*** Supplied information ***

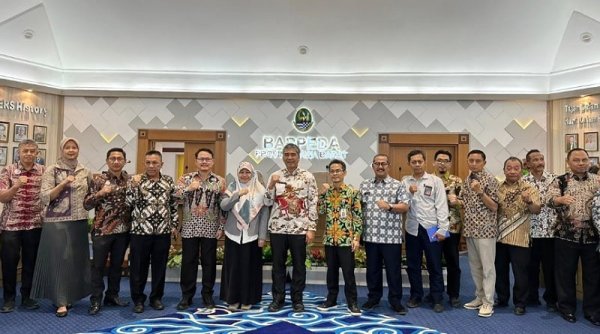 4 Desa di Kab. Bandung Masuk 10 Besar Desa IDM Tertinggi Se-Jawa Barat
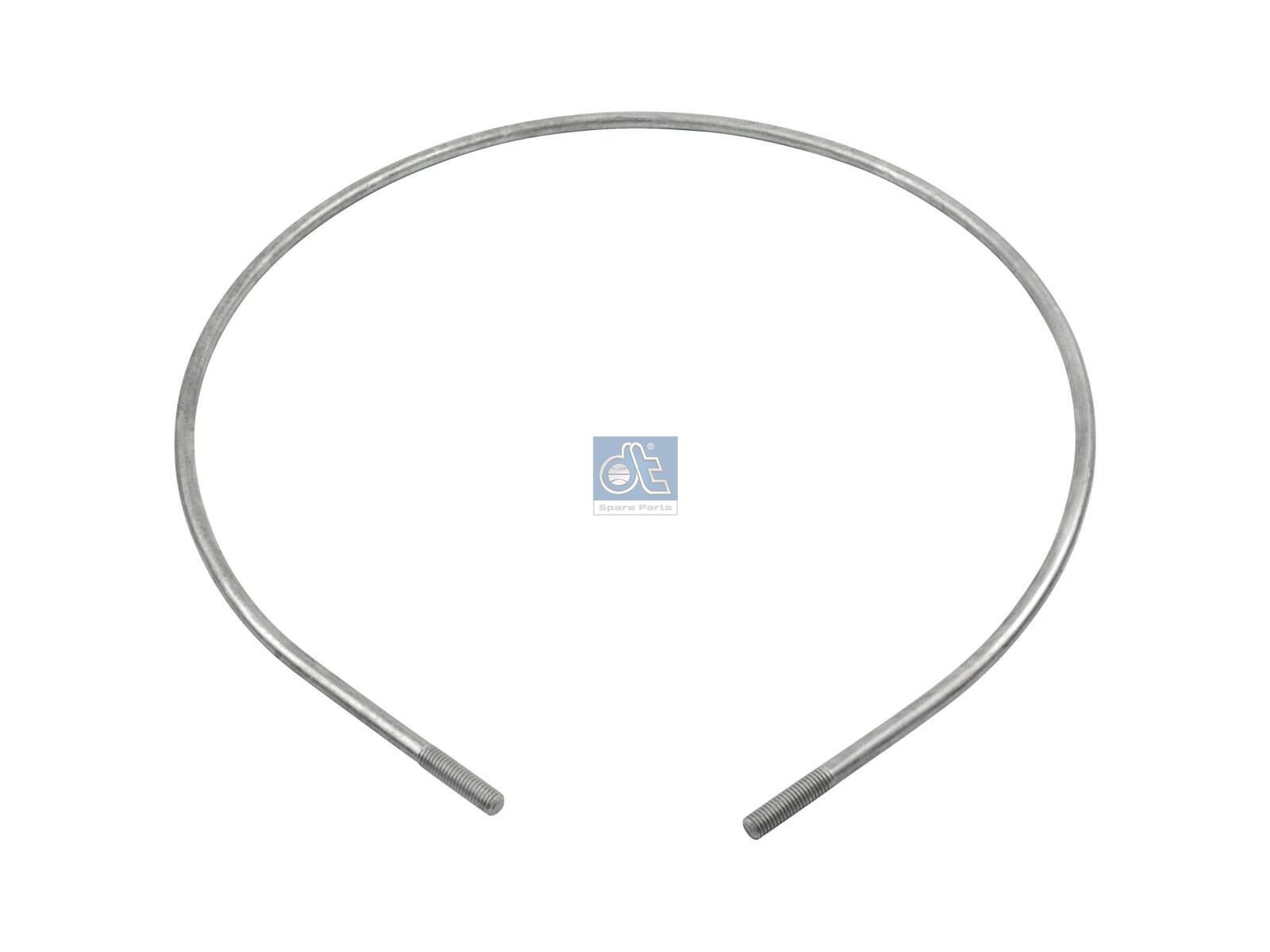 DT Spare Parts 6.37230 Tensioning band, M12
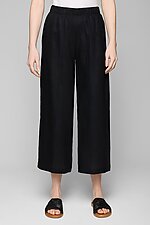 Linen Jaxx Pant by Lisa Bayne (Linen Pant)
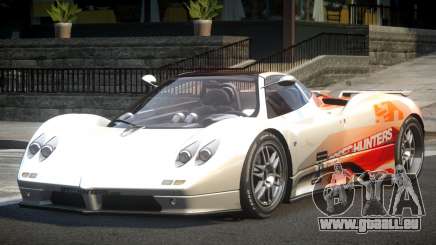 Pagani Zonda SR C12 L7 pour GTA 4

*** End of Supplied information ***

» **Your goal**
Please set down the whole listing exactly, apart from the pictures.

» **Reply**
 4 Desa di Kab. Bandung Masuk 10 Besar Desa IDM Tertinggi Se-Jawa Barat
 DT Spare Parts 6.37230 Tensioning band, M12
 Linen Jaxx Pant by Lisa Bayne (Linen Pant)
 Pagani Zonda SR C12 L7 pour GTA 4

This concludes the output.